From 2018 until 2024, Ted was Senior Strategist for Policy and Research at the Working Families Party, where he led a range of research, policy, and organizational development projects, including the crafting of the WFP People’s Charter in 2020 and a multi-phase research project on the multiracial working class in 2023 and 2024. In that role Ted also launched and served as deputy director of WFP’s Federal Affairs department, helping to develop strategies for translating progressive electoral victories into legislative victories for working class people. Ted represented WFP within the Green New Deal Network, and helped develop and direct WFP’s strategy for winning action on jobs, climate, care and justice in the first years of the Biden administration. Between 2018 and 2022 ,Ted simultaneously served as Senior Strategist at the Grassroots Power Project, where he contributed to the development of the organization’s framework around governing power, and also co-facilitated the New York State Alignment Table, which launched the highly successful 2021 Invest in Our New York campaign, winning over $4 billion in new permanent revenue in New York State.
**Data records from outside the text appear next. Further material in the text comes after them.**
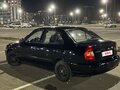 2011 Hyundai Accent ТагАЗ II, чёрный, 375000 рублей - вид 3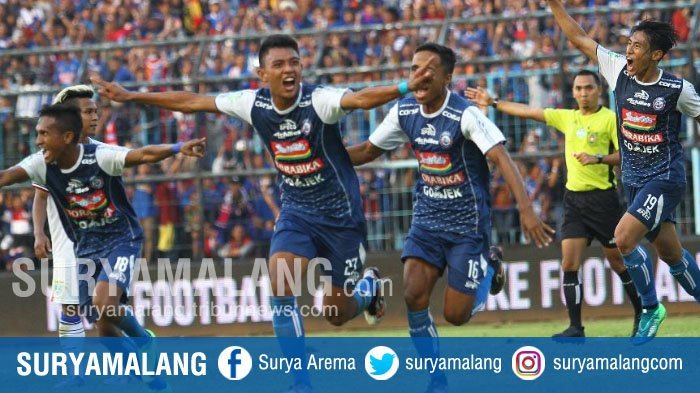Prediksi dan Live Streaming Arema Vs PS TIRA di O Channel, Minggu (15/7/2018) Pukul 15.30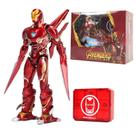 Homem De Ferro Iron Man Mark 50 16 Cm
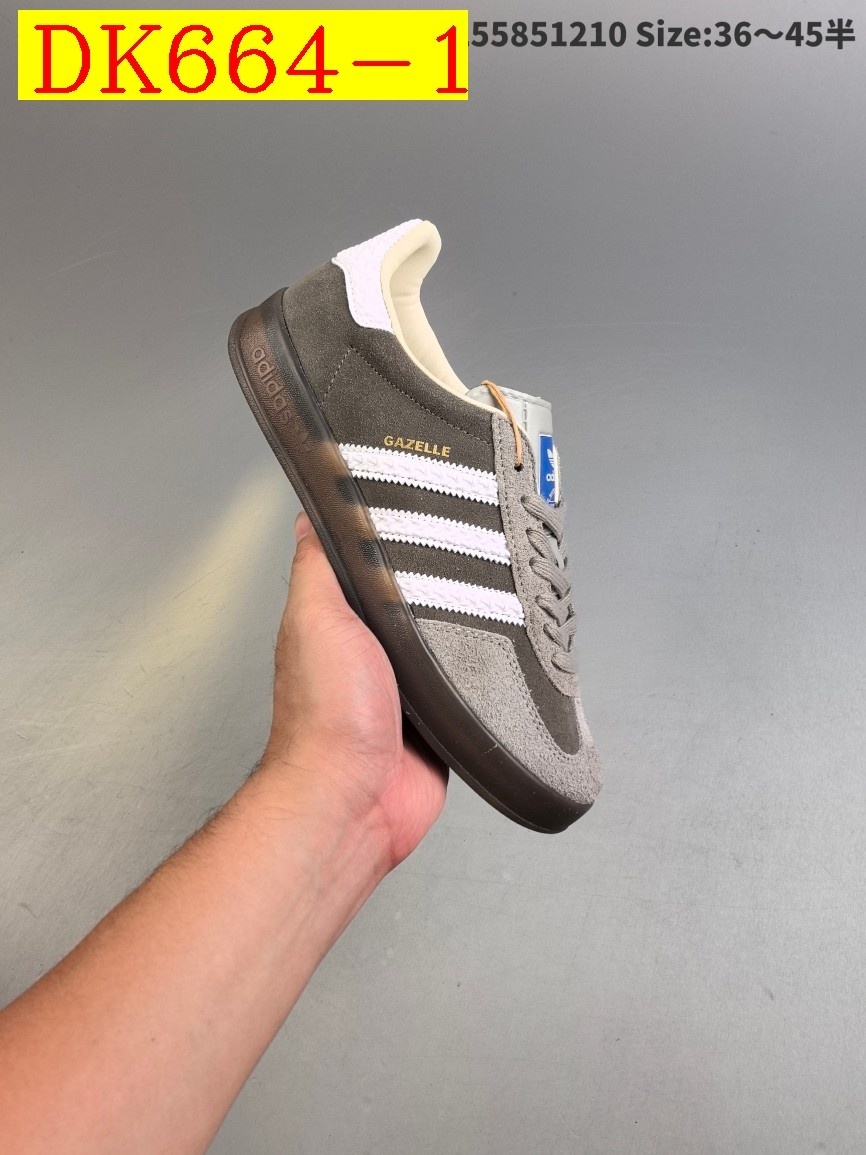 44$ dh Adidas Originals Gazelle Indoor Half size 36-45 51273034048 DK664 gallery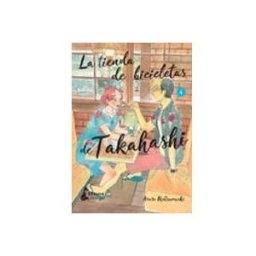 Unidad Para La Distribucion Del Libro S.l. La tienda de bicicletas de Takahashi 4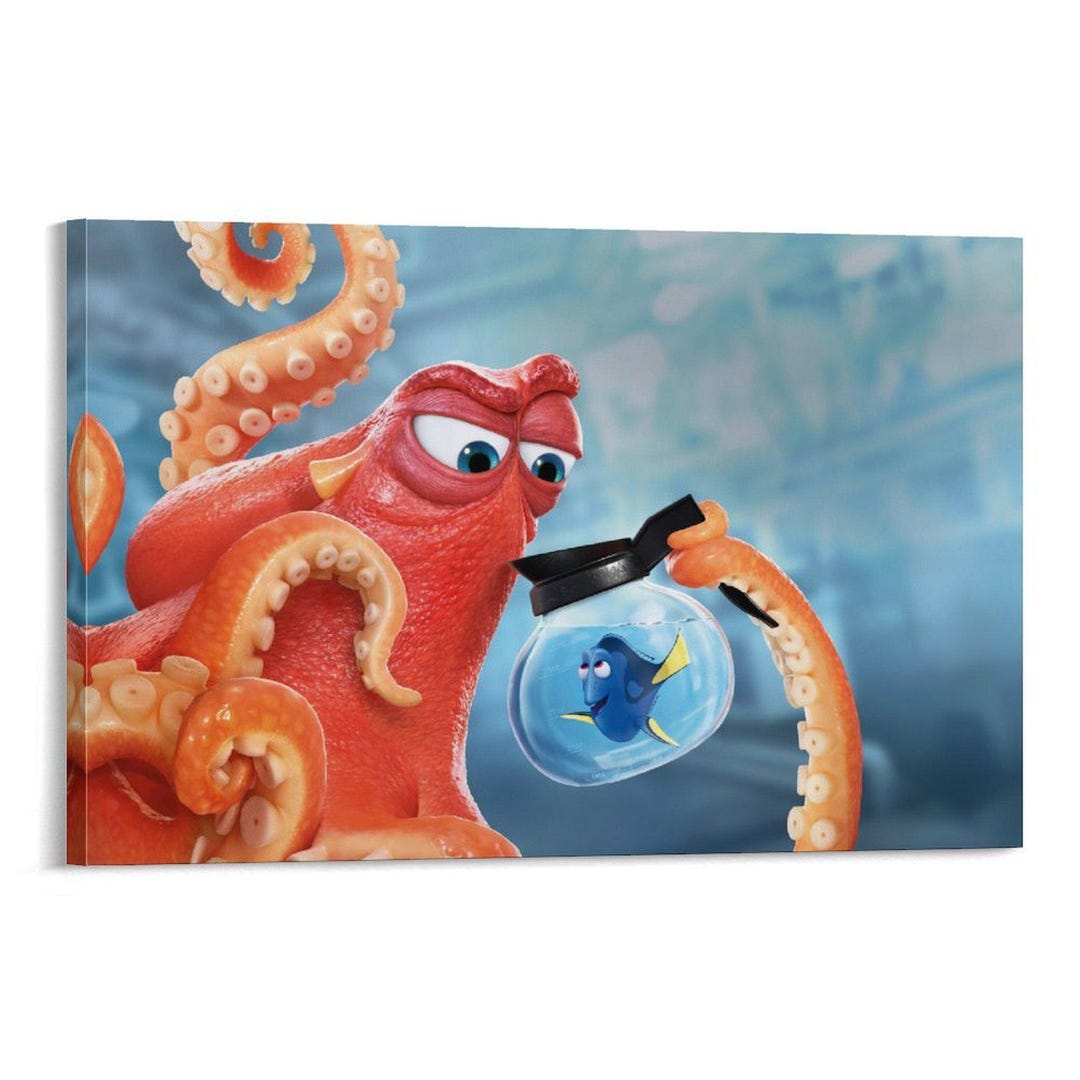 Movie Hank Discovered Dory Classic Canvas Art Painting Wall Decor ...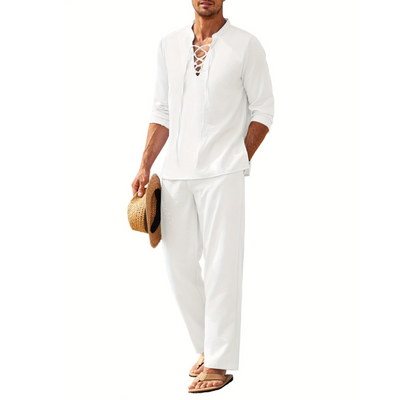 Hemd- und Hosenset für Herren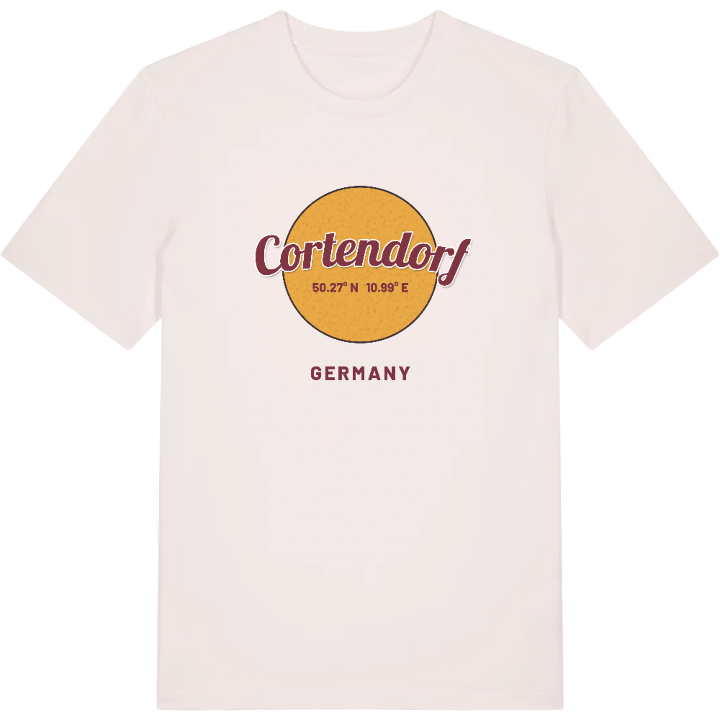 Cortendorf cirkel T-shirt – t-shirt fra PinShirt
Prior to 2018, Ted pursued a doctorate in economic and international history at Yale University, culminating in a dissertation entitled “Steel and Sovereignty: The United States, Nationalism, and the Transformation of World Order, 1898-1941”. This work explored how a combination of intensifying nationalism in developing countries and geopolitical rivalry between the world’s major capitalist powers contributed to a rapid acceleration in global industrialization and new forms of “north-south” relations in the interwar period. In researching and writing this dissertation, Ted gained wide-ranging familiarity with the political motivations, enabling conditions, financial means, and coordination capacities necessary for industrial transformation. While in graduate school he was also a rank-and-file leader in the Graduate Employees and Students Organization (GESO), now Local 33 of Unite Here, which won recognition and a contract in 2023 after a 30 year fight.